Facebook Politics Comes to Pepper Pike
BY Nancy Scola | Thursday, October 7 2010
I wondered, can online politics be local? In a comment, Jill Zimon, recently-elected member of the Pepper Pike (OH) City Council, says, yes, absolutely:
[A]s a local candidate last year in a town with about 5000 registered voters in NE Ohio, I absolutely used Facebook, as well as other online tools, to supplement face to face and phone contact. And I've not seen a disintegration in following - what I did was convert the contacts to an email list populated with people who love getting updates, something that no council member (I was elected to city council in 11/09) had ever done, by snailmail or otherwise. The pages for my campaign still exist on FB but I have to say that my general personal FB page and wall are followed by constituents too.
I'd agree that we just don't know a whole lot yet, but frankly, I have found Facebook, in conjunction with my other connecting activities, to be a great way for me to keep up on locals and vice versa.
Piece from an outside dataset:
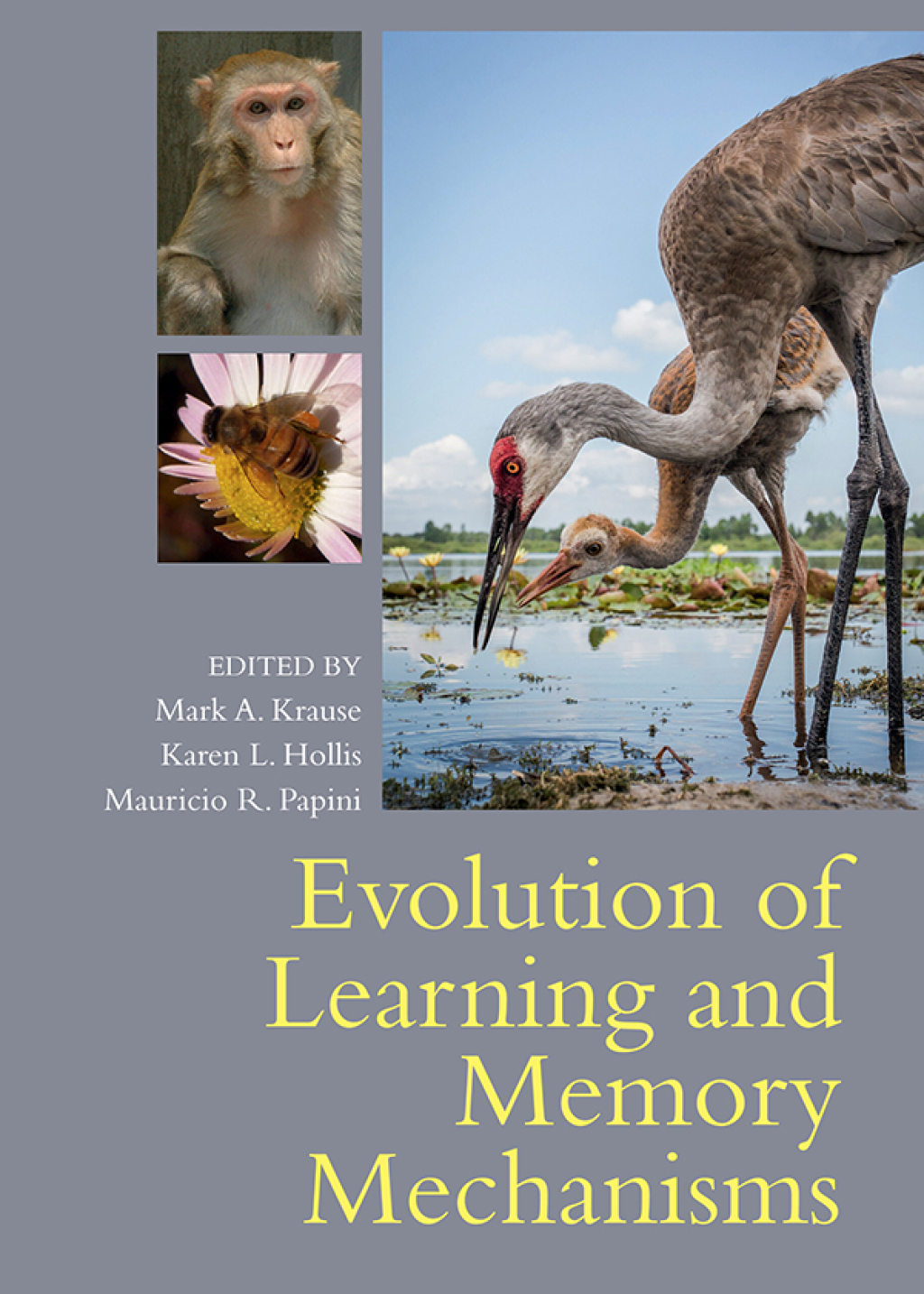 Evolution of Learning and Memory Mechanisms â€“ PDF/EPUB Version ...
Because we're a small city, information that goes around the schools or the school district, related to individuals or businesses that have personal or other successes - they are often "reported" first on Facebook - long before a weekly local paper comes out and because local, too small for the metro paper to cover (the Plain Dealer).
There certainly seems to be plenty of room for actual practitioners of online politics to join the pundits in offering insight in the great Gladwellian social change debate.